*** Opening RECORDS FOR THIS TASK ***
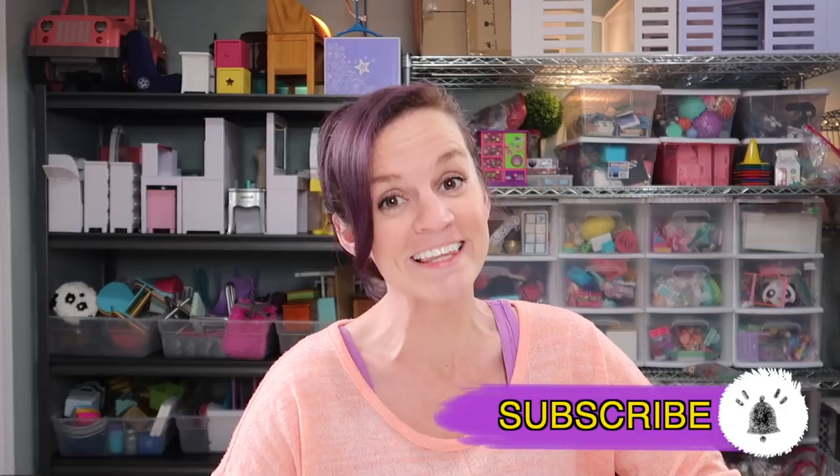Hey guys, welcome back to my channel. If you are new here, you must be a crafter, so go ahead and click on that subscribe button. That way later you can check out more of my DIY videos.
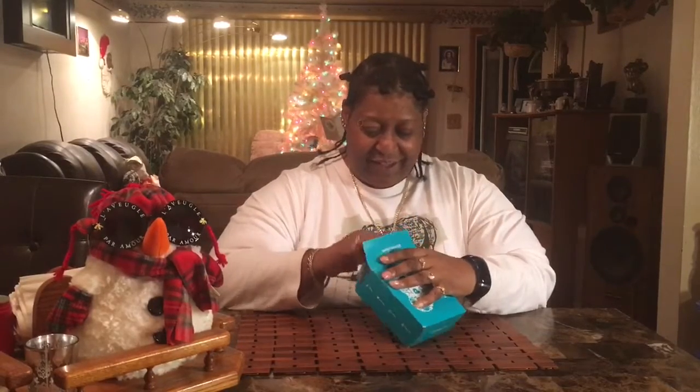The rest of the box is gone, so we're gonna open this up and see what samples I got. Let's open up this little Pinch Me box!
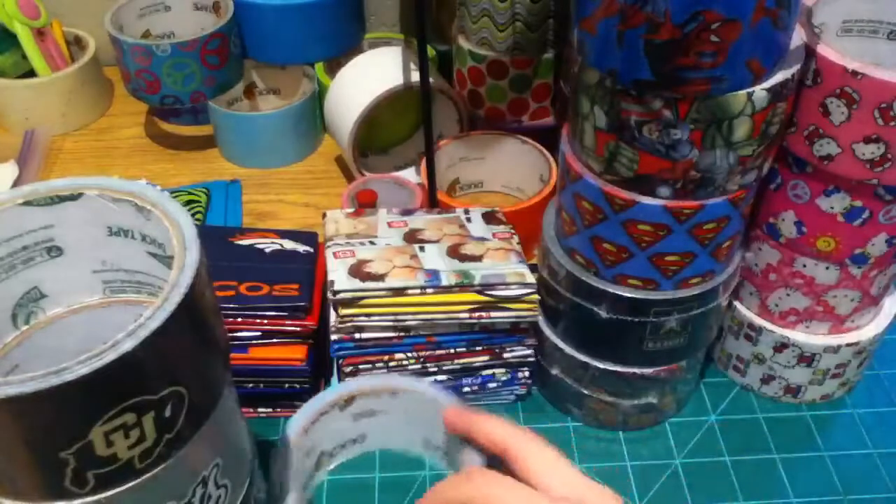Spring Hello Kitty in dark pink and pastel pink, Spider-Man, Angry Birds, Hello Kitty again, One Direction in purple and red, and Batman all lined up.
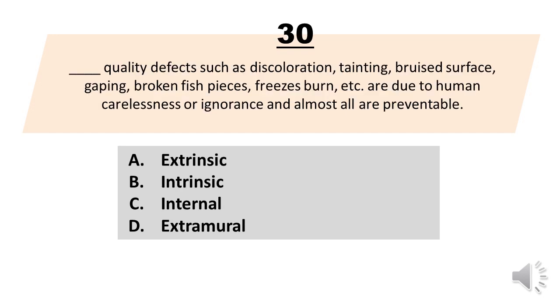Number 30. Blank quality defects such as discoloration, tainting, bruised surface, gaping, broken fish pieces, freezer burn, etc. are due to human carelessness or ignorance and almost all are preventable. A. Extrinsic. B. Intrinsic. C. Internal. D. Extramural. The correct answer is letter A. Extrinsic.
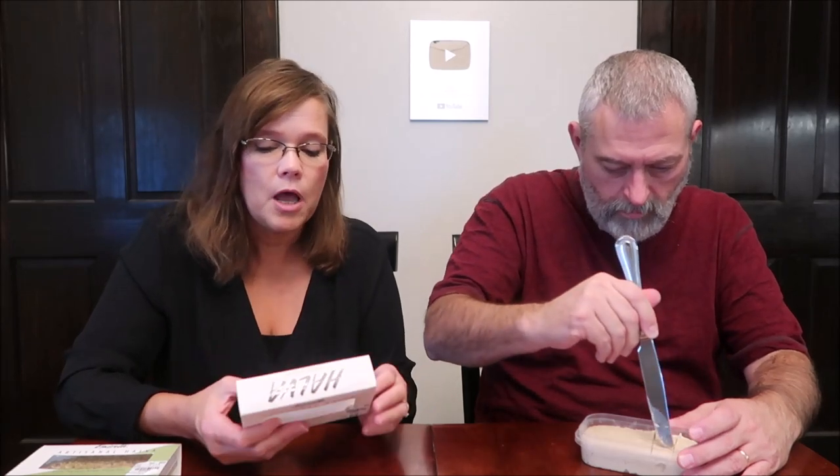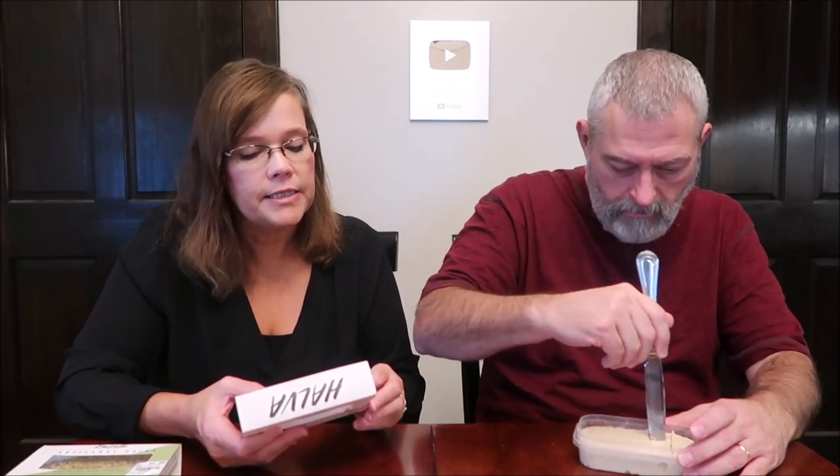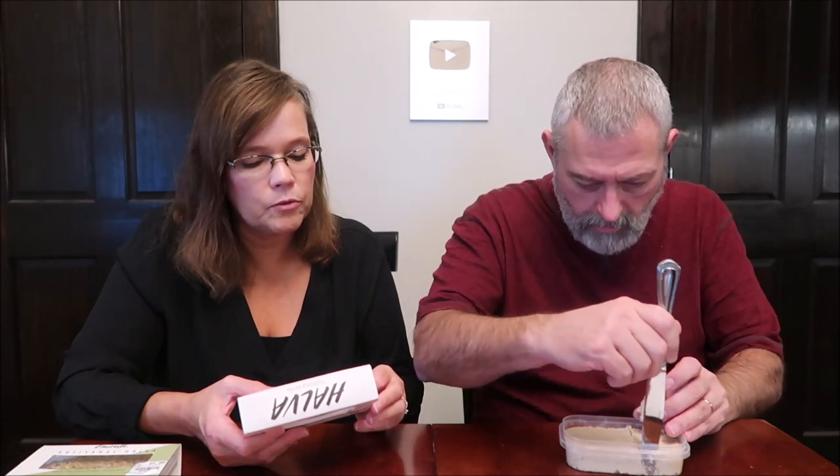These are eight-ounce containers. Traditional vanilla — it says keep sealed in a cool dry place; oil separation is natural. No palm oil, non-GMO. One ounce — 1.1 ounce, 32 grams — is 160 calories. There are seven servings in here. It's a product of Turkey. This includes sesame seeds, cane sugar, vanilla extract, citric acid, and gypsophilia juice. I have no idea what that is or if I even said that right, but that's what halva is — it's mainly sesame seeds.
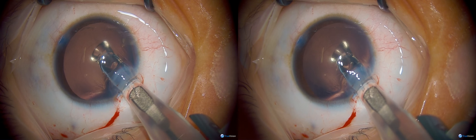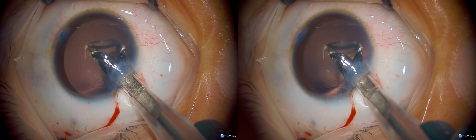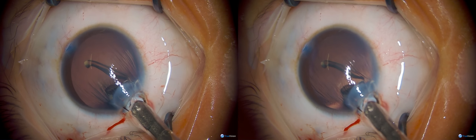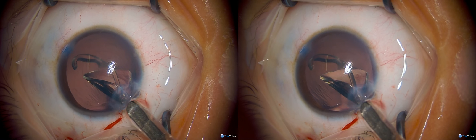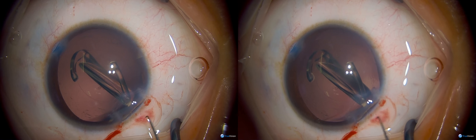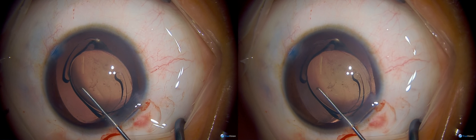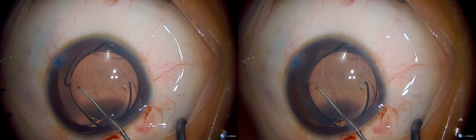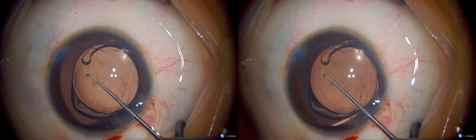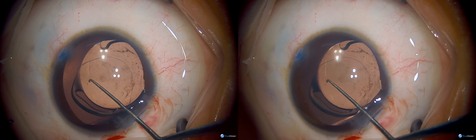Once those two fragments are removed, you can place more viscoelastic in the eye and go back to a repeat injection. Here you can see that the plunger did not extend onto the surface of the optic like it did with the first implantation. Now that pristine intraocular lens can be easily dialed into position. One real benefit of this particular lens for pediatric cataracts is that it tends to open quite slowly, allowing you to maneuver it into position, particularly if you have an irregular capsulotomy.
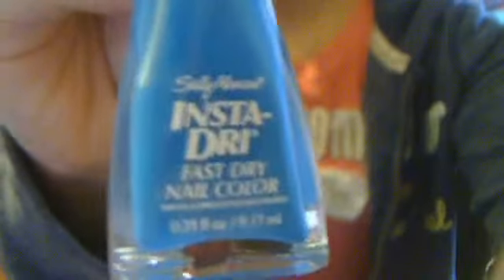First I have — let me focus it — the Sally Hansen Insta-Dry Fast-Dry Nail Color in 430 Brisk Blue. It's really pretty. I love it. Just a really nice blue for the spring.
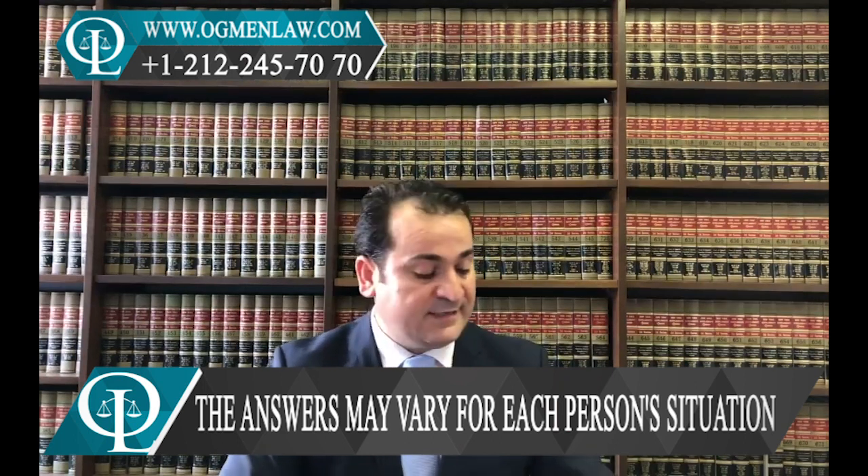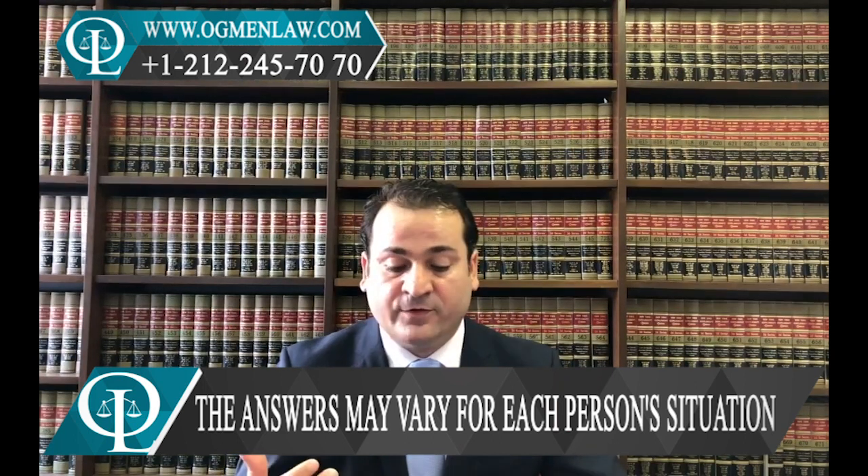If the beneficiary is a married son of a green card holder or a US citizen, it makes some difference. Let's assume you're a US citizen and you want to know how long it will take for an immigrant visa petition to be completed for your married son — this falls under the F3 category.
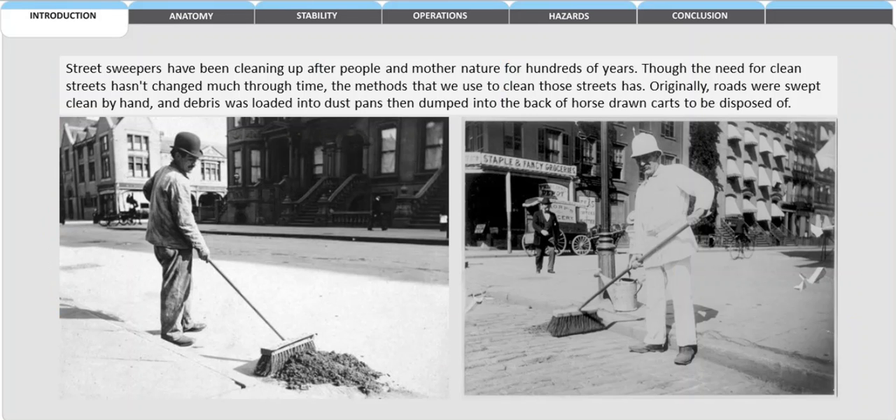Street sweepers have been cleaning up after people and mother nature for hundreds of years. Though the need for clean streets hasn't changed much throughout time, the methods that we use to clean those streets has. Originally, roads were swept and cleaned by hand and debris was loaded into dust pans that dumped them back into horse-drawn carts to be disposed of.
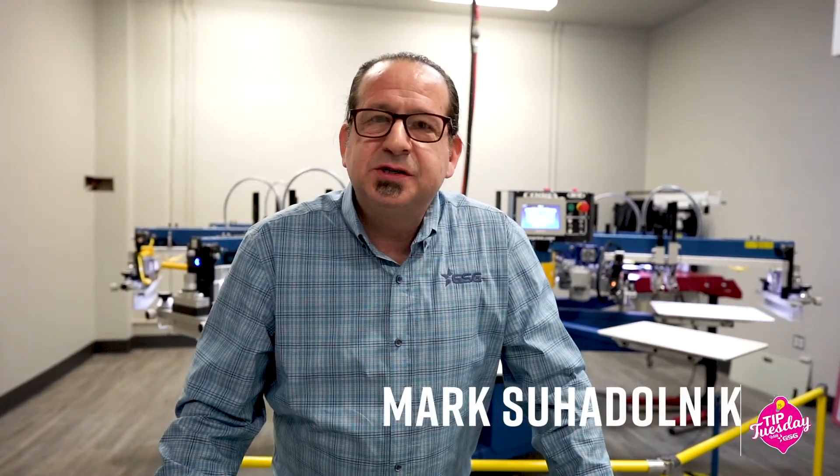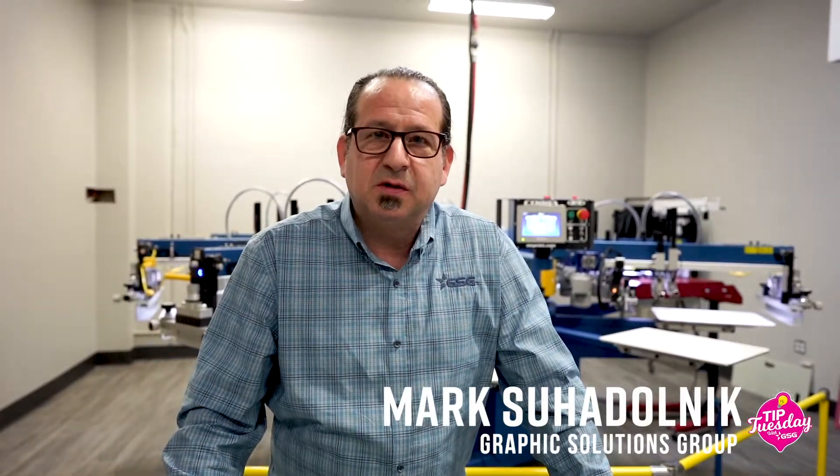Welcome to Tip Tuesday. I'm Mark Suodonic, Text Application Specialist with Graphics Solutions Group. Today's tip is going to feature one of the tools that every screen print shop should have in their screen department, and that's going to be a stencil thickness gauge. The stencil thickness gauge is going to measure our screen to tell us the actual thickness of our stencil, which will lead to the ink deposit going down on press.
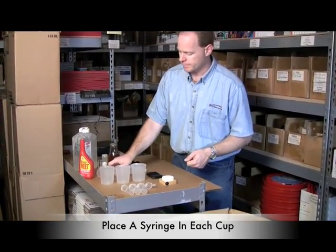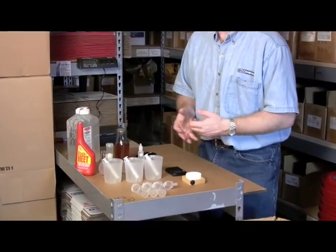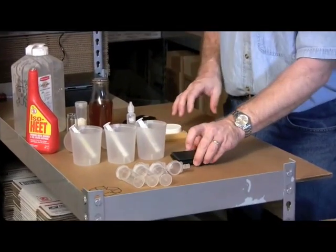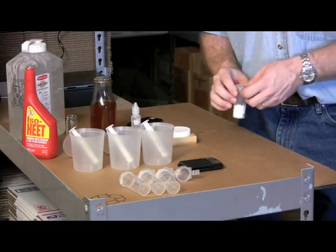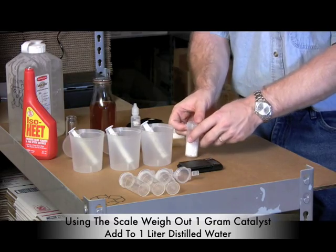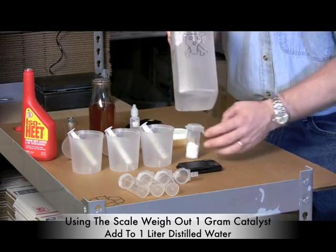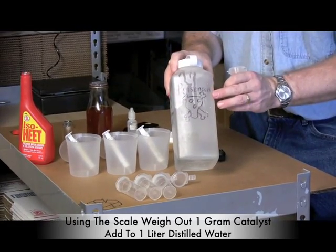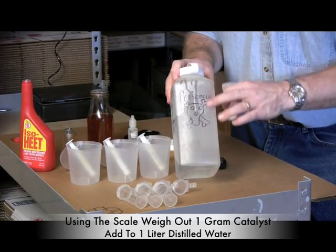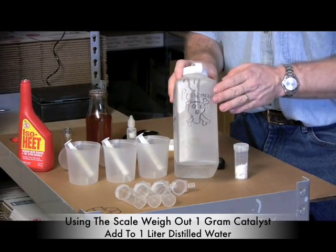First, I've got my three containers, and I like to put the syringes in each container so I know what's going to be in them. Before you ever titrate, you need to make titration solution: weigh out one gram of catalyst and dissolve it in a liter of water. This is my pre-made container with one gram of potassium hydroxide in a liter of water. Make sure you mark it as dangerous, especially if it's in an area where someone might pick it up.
*** Closing RECORDS FOR THIS TASK ***
■ AIM OF THE TASK
Your answer must be an exact transcription of the records above, minus the pictures.

■ SOLVED EXERCISE
Hey guys, welcome back to my channel. If you are new here, you must be a crafter, so go ahead and click on that subscribe button. That way later you can check out more of my DIY videos.
The rest of the box is gone, so we're gonna open this up and see what samples I got. Let's open up this little Pinch Me box!
Spring Hello Kitty in dark pink and pastel pink, Spider-Man, Angry Birds, Hello Kitty again, One Direction in purple and red, and Batman all lined up.
Number 30. Blank quality defects such as discoloration, tainting, bruised surface, gaping, broken fish pieces, freezer burn, etc. are due to human carelessness or ignorance and almost all are preventable. A. Extrinsic. B. Intrinsic. C. Internal. D. Extramural. The correct answer is letter A. Extrinsic.
These are eight-ounce containers. Traditional vanilla — it says keep sealed in a cool dry place; oil separation is natural. No palm oil, non-GMO. One ounce — 1.1 ounce, 32 grams — is 160 calories. There are seven servings in here. It's a product of Turkey. This includes sesame seeds, cane sugar, vanilla extract, citric acid, and gypsophilia juice. I have no idea what that is or if I even said that right, but that's what halva is — it's mainly sesame seeds.
Once those two fragments are removed, you can place more viscoelastic in the eye and go back to a repeat injection. Here you can see that the plunger did not extend onto the surface of the optic like it did with the first implantation. Now that pristine intraocular lens can be easily dialed into position. One real benefit of this particular lens for pediatric cataracts is that it tends to open quite slowly, allowing you to maneuver it into position, particularly if you have an irregular capsulotomy.
First I have — let me focus it — the Sally Hansen Insta-Dry Fast-Dry Nail Color in 430 Brisk Blue. It's really pretty. I love it. Just a really nice blue for the spring.
If the beneficiary is a married son of a green card holder or a US citizen, it makes some difference. Let's assume you're a US citizen and you want to know how long it will take for an immigrant visa petition to be completed for your married son — this falls under the F3 category.
Street sweepers have been cleaning up after people and mother nature for hundreds of years. Though the need for clean streets hasn't changed much throughout time, the methods that we use to clean those streets has. Originally, roads were swept and cleaned by hand and debris was loaded into dust pans that dumped them back into horse-drawn carts to be disposed of.
Welcome to Tip Tuesday. I'm Mark Suodonic, Text Application Specialist with Graphics Solutions Group. Today's tip is going to feature one of the tools that every screen print shop should have in their screen department, and that's going to be a stencil thickness gauge. The stencil thickness gauge is going to measure our screen to tell us the actual thickness of our stencil, which will lead to the ink deposit going down on press.
First, I've got my three containers, and I like to put the syringes in each container so I know what's going to be in them. Before you ever titrate, you need to make titration solution: weigh out one gram of catalyst and dissolve it in a liter of water. This is my pre-made container with one gram of potassium hydroxide in a liter of water. Make sure you mark it as dangerous, especially if it's in an area where someone might pick it up.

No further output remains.